Jehan turned his attention to the darkened desert landscape outside the window. He’d been questioning his sanity in answering the family summons even before he’d left Rome.
His Order team commander, Lazaro Archer, hadn’t been enthused to hear about the obligation either, especially when things were heating up against Opus Nostrum and a hundred other pressing concerns. Jehan had assured Lazaro that the unplanned leave was merely a formality and that he’d be back on patrol as quickly as possible—without the burden of an unwanted Breedmate in tow.
Marcel maneuvered around a small convoy of humanitarian supply trucks, no doubt on their way to one of the many remote villages or refugee camps that had existed in this part of the world for centuries. Once the road opened up, he buried the gas pedal again.
If only they were heading away from the family compound at breakneck speed, rather than toward it.
“Mother’s had the entire Darkhaven buzzing with plans and arrangements ever since you called last night.” Marcel spoke over the deep snarl of the engine. “I can’t remember the last time I’ve seen her so excited.”
Jehan groaned. “I’m here, but that doesn’t mean I intend to go through with any of this.”
“What?” Jehan looked over and found his only sibling’s face slack with incredulity. His light blue eyes, so like Jehan’s own—a color inherited from their French beauty of a mother—were wide under Marcel’s tousled crown of brown waves. “You have to go through with it. There’s no blood bond between the Mafakhirs and the Sanhajas anymore. Not since our cousin and his Breedmate died a year ago.”

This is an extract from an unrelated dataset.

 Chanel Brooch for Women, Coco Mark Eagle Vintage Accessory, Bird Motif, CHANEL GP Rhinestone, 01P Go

When Jehan didn’t immediately acknowledge the severity of the problem, his brother frowned. “If a year and a day should pass without a natural mating occurring between the families, the terms of the pact specifically state—”
“I know what they state. I also know those terms were written up during a very different time. We don’t live in the Middle Ages anymore.” And thank fuck for that, he mentally amended. “The pact is a relic that needs to be retired. Hopefully it won’t take too much convincing to make our father understand that.”

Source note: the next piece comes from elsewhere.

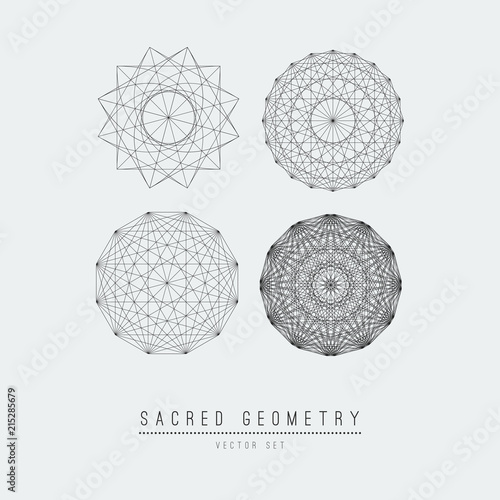 Sacred geometry line vector element flower of life . Vector illustration .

Marcel went quiet as they veered off the highway and set a course for the rambling stretch of desert acreage that comprised their family’s Darkhaven property. In a few short minutes, they turned onto the private road.
The family lands were lush and expansive. Thick clusters of palm trees spiked black against the night sky, small oases amid the vast spread of dark, silken sand. Up ahead was the iron gate and tall brick perimeter wall that secured the massive compound where Jehan had grown up.

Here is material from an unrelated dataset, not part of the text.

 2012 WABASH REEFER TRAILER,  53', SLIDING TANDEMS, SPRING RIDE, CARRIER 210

Even before they approached the luxurious Darkhaven, his feet twitched inside his boots with the urge to run.
While they paused outside the gate and waited to be admitted inside, Marcel pivoted in his seat toward Jehan. His youthful, twenty-four-year-old face was solemn. “The pact has never been broken. You know that, right? Not once in all of the six-and-a-half centuries it’s been in place. It’s not a relic. It’s tradition. That kind of thing may not be sacred to you, but it is to our parents. It’s sacred to the Sanhajas too.”
His brother was so earnest, maybe there was another way to dodge this bullet. “If you feel that strongly about it, why don’t you pick up the torch instead? Take my place and I can turn around right now and go back to my work with the Order.”